● Extracted entries

○ ○ ○

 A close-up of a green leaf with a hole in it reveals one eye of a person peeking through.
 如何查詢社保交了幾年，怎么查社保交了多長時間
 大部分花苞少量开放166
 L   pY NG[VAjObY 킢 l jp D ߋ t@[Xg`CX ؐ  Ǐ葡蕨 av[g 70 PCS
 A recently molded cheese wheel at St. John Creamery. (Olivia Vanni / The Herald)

○ ○ ○

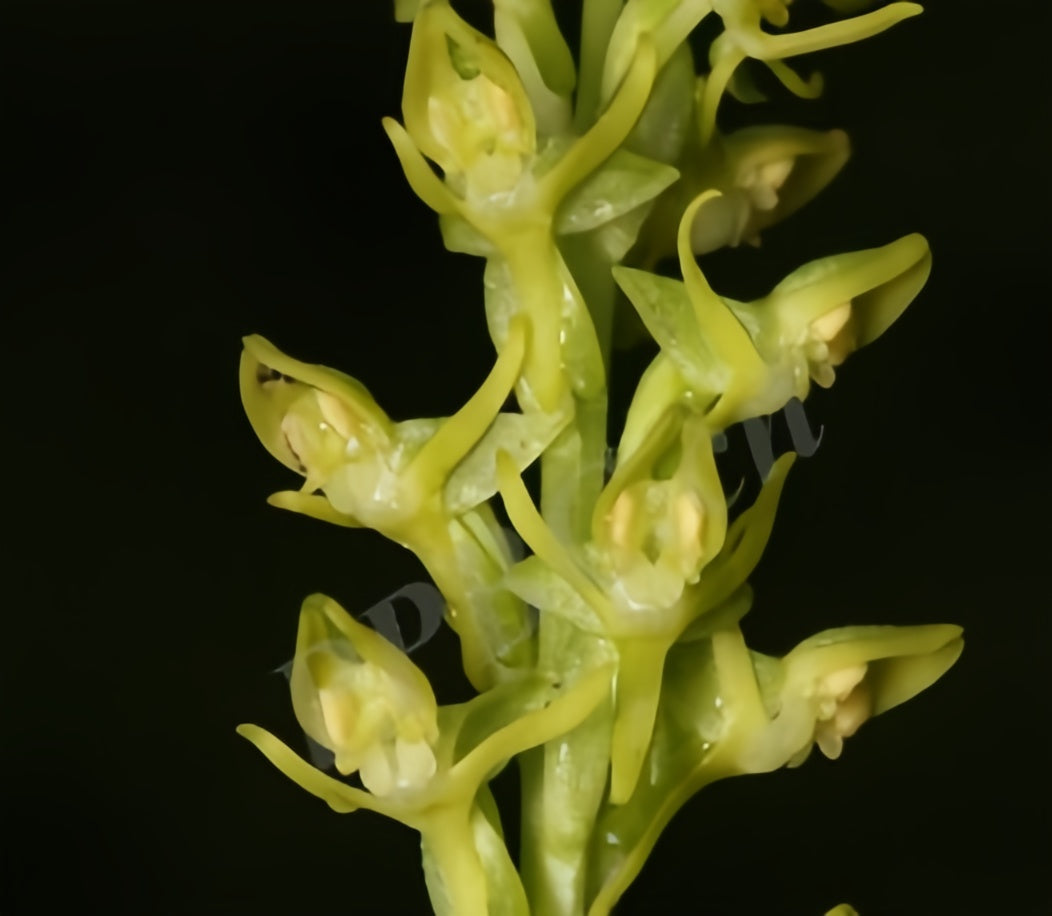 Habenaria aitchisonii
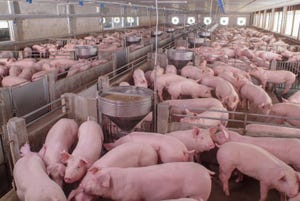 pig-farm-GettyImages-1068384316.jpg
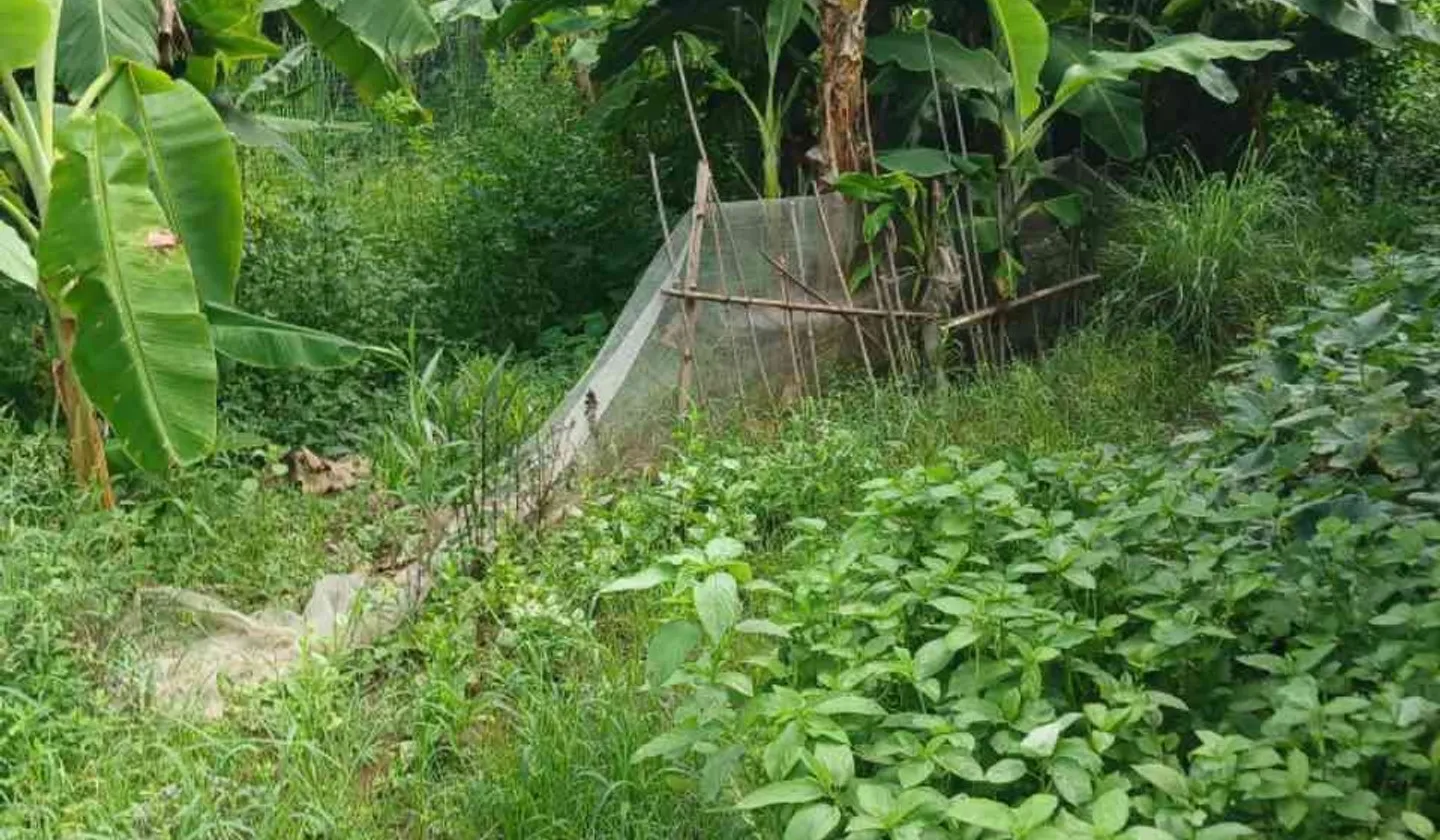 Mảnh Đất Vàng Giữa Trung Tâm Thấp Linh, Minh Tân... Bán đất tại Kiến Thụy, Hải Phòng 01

○ ○ ○

● Your instructions
Your answer should consist only of the lines above between the line holding "av[g 70 PCS" and the line holding "A recently molded", inclusive, each transcribed exactly.

● Finished exercise
 L   pY NG[VAjObY 킢 l jp D ߋ t@[Xg`CX ؐ  Ǐ葡蕨 av[g 70 PCS
 A recently molded cheese wheel at St. John Creamery. (Olivia Vanni / The Herald)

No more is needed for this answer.